- [What you will do] Word for word, retype every line of the data.

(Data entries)
-------------------------

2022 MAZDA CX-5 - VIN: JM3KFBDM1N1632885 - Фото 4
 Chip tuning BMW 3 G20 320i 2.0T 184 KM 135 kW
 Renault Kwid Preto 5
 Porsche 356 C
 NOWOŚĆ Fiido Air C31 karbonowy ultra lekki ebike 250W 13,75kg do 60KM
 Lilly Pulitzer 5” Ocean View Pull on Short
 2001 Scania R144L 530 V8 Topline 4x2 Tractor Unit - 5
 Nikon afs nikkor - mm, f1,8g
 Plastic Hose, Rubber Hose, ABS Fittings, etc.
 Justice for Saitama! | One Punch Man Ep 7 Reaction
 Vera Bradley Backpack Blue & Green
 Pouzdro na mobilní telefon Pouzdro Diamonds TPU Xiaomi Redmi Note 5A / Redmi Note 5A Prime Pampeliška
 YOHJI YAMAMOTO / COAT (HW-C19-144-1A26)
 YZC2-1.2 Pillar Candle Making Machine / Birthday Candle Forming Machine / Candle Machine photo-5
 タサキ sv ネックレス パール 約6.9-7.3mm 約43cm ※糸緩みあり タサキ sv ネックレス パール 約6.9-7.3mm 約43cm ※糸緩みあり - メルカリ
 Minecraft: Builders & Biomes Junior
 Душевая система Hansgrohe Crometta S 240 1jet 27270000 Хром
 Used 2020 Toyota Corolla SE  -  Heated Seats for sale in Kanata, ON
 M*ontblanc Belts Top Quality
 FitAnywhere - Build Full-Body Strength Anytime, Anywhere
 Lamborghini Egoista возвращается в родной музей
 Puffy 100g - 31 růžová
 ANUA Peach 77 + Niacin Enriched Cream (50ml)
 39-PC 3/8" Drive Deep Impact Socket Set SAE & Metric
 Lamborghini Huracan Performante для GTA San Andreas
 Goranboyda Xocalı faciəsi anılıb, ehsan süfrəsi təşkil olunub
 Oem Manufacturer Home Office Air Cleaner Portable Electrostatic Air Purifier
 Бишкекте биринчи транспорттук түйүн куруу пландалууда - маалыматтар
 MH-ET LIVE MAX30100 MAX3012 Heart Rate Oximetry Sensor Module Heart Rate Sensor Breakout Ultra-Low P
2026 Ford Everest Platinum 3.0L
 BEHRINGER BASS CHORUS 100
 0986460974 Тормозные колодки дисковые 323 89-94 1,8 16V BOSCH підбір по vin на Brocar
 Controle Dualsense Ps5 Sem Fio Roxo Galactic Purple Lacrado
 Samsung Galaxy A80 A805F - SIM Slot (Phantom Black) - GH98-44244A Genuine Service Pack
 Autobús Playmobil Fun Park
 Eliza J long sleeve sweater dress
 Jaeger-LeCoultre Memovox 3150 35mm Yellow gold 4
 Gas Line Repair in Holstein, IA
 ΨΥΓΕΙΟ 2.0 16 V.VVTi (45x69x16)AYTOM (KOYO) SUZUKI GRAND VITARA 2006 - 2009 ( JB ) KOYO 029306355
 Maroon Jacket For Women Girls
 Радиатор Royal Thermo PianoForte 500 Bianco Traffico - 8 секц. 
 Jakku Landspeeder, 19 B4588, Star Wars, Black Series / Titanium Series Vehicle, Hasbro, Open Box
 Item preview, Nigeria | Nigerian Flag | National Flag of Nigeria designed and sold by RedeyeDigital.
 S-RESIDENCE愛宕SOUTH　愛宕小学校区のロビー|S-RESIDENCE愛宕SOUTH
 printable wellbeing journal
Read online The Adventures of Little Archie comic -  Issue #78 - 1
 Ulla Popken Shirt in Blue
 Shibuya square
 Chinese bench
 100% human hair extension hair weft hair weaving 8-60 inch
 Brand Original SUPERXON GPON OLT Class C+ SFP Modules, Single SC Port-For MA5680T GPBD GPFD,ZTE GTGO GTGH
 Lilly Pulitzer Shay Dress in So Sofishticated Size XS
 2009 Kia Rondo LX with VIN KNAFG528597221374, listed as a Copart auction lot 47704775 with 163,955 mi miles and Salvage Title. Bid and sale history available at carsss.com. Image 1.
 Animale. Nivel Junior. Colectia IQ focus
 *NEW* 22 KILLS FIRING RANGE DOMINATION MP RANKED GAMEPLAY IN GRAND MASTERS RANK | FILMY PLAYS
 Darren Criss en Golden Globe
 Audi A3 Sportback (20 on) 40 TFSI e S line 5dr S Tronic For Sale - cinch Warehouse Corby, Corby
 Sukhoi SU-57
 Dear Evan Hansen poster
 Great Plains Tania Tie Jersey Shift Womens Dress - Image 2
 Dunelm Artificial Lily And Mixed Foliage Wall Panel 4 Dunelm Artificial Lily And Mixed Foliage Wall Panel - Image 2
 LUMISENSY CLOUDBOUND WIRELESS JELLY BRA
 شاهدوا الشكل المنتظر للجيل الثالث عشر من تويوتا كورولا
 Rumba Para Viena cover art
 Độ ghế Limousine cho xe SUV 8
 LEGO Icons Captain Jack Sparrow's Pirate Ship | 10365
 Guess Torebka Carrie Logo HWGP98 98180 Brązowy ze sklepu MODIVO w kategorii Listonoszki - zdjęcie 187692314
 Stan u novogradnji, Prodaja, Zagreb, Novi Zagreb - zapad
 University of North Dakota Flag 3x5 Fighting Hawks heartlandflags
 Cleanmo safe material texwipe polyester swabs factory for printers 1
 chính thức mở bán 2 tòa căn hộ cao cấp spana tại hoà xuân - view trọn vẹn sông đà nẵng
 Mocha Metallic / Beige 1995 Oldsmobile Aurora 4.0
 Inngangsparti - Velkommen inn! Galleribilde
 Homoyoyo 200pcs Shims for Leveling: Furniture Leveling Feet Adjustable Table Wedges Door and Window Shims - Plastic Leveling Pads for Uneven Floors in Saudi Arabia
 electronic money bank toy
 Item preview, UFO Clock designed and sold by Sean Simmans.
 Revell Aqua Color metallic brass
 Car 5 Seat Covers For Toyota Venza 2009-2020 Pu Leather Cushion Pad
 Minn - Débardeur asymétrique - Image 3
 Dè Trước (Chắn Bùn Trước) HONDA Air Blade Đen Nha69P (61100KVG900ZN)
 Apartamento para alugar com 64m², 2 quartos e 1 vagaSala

-------------------------

- [Reply to the exercise]
2022 MAZDA CX-5 - VIN: JM3KFBDM1N1632885 - Фото 4
 Chip tuning BMW 3 G20 320i 2.0T 184 KM 135 kW
 Renault Kwid Preto 5
 Porsche 356 C
 NOWOŚĆ Fiido Air C31 karbonowy ultra lekki ebike 250W 13,75kg do 60KM
 Lilly Pulitzer 5” Ocean View Pull on Short
 2001 Scania R144L 530 V8 Topline 4x2 Tractor Unit - 5
 Nikon afs nikkor - mm, f1,8g
 Plastic Hose, Rubber Hose, ABS Fittings, etc.
 Justice for Saitama! | One Punch Man Ep 7 Reaction
 Vera Bradley Backpack Blue & Green
 Pouzdro na mobilní telefon Pouzdro Diamonds TPU Xiaomi Redmi Note 5A / Redmi Note 5A Prime Pampeliška
 YOHJI YAMAMOTO / COAT (HW-C19-144-1A26)
 YZC2-1.2 Pillar Candle Making Machine / Birthday Candle Forming Machine / Candle Machine photo-5
 タサキ sv ネックレス パール 約6.9-7.3mm 約43cm ※糸緩みあり タサキ sv ネックレス パール 約6.9-7.3mm 約43cm ※糸緩みあり - メルカリ
 Minecraft: Builders & Biomes Junior
 Душевая система Hansgrohe Crometta S 240 1jet 27270000 Хром
 Used 2020 Toyota Corolla SE  -  Heated Seats for sale in Kanata, ON
 M*ontblanc Belts Top Quality
 FitAnywhere - Build Full-Body Strength Anytime, Anywhere
 Lamborghini Egoista возвращается в родной музей
 Puffy 100g - 31 růžová
 ANUA Peach 77 + Niacin Enriched Cream (50ml)
 39-PC 3/8" Drive Deep Impact Socket Set SAE & Metric
 Lamborghini Huracan Performante для GTA San Andreas
 Goranboyda Xocalı faciəsi anılıb, ehsan süfrəsi təşkil olunub
 Oem Manufacturer Home Office Air Cleaner Portable Electrostatic Air Purifier
 Бишкекте биринчи транспорттук түйүн куруу пландалууда - маалыматтар
 MH-ET LIVE MAX30100 MAX3012 Heart Rate Oximetry Sensor Module Heart Rate Sensor Breakout Ultra-Low P
2026 Ford Everest Platinum 3.0L
 BEHRINGER BASS CHORUS 100
 0986460974 Тормозные колодки дисковые 323 89-94 1,8 16V BOSCH підбір по vin на Brocar
 Controle Dualsense Ps5 Sem Fio Roxo Galactic Purple Lacrado
 Samsung Galaxy A80 A805F - SIM Slot (Phantom Black) - GH98-44244A Genuine Service Pack
 Autobús Playmobil Fun Park
 Eliza J long sleeve sweater dress
 Jaeger-LeCoultre Memovox 3150 35mm Yellow gold 4
 Gas Line Repair in Holstein, IA
 ΨΥΓΕΙΟ 2.0 16 V.VVTi (45x69x16)AYTOM (KOYO) SUZUKI GRAND VITARA 2006 - 2009 ( JB ) KOYO 029306355
 Maroon Jacket For Women Girls
 Радиатор Royal Thermo PianoForte 500 Bianco Traffico - 8 секц. 
 Jakku Landspeeder, 19 B4588, Star Wars, Black Series / Titanium Series Vehicle, Hasbro, Open Box
 Item preview, Nigeria | Nigerian Flag | National Flag of Nigeria designed and sold by RedeyeDigital.
 S-RESIDENCE愛宕SOUTH　愛宕小学校区のロビー|S-RESIDENCE愛宕SOUTH
 printable wellbeing journal
Read online The Adventures of Little Archie comic -  Issue #78 - 1
 Ulla Popken Shirt in Blue
 Shibuya square
 Chinese bench
 100% human hair extension hair weft hair weaving 8-60 inch
 Brand Original SUPERXON GPON OLT Class C+ SFP Modules, Single SC Port-For MA5680T GPBD GPFD,ZTE GTGO GTGH
 Lilly Pulitzer Shay Dress in So Sofishticated Size XS
 2009 Kia Rondo LX with VIN KNAFG528597221374, listed as a Copart auction lot 47704775 with 163,955 mi miles and Salvage Title. Bid and sale history available at carsss.com. Image 1.
 Animale. Nivel Junior. Colectia IQ focus
 *NEW* 22 KILLS FIRING RANGE DOMINATION MP RANKED GAMEPLAY IN GRAND MASTERS RANK | FILMY PLAYS
 Darren Criss en Golden Globe
 Audi A3 Sportback (20 on) 40 TFSI e S line 5dr S Tronic For Sale - cinch Warehouse Corby, Corby
 Sukhoi SU-57
 Dear Evan Hansen poster
 Great Plains Tania Tie Jersey Shift Womens Dress - Image 2
 Dunelm Artificial Lily And Mixed Foliage Wall Panel 4 Dunelm Artificial Lily And Mixed Foliage Wall Panel - Image 2
 LUMISENSY CLOUDBOUND WIRELESS JELLY BRA
 شاهدوا الشكل المنتظر للجيل الثالث عشر من تويوتا كورولا
 Rumba Para Viena cover art
 Độ ghế Limousine cho xe SUV 8
 LEGO Icons Captain Jack Sparrow's Pirate Ship | 10365
 Guess Torebka Carrie Logo HWGP98 98180 Brązowy ze sklepu MODIVO w kategorii Listonoszki - zdjęcie 187692314
 Stan u novogradnji, Prodaja, Zagreb, Novi Zagreb - zapad
 University of North Dakota Flag 3x5 Fighting Hawks heartlandflags
 Cleanmo safe material texwipe polyester swabs factory for printers 1
 chính thức mở bán 2 tòa căn hộ cao cấp spana tại hoà xuân - view trọn vẹn sông đà nẵng
 Mocha Metallic / Beige 1995 Oldsmobile Aurora 4.0
 Inngangsparti - Velkommen inn! Galleribilde
 Homoyoyo 200pcs Shims for Leveling: Furniture Leveling Feet Adjustable Table Wedges Door and Window Shims - Plastic Leveling Pads for Uneven Floors in Saudi Arabia
 electronic money bank toy
 Item preview, UFO Clock designed and sold by Sean Simmans.
 Revell Aqua Color metallic brass
 Car 5 Seat Covers For Toyota Venza 2009-2020 Pu Leather Cushion Pad
 Minn - Débardeur asymétrique - Image 3
 Dè Trước (Chắn Bùn Trước) HONDA Air Blade Đen Nha69P (61100KVG900ZN)
 Apartamento para alugar com 64m², 2 quartos e 1 vagaSala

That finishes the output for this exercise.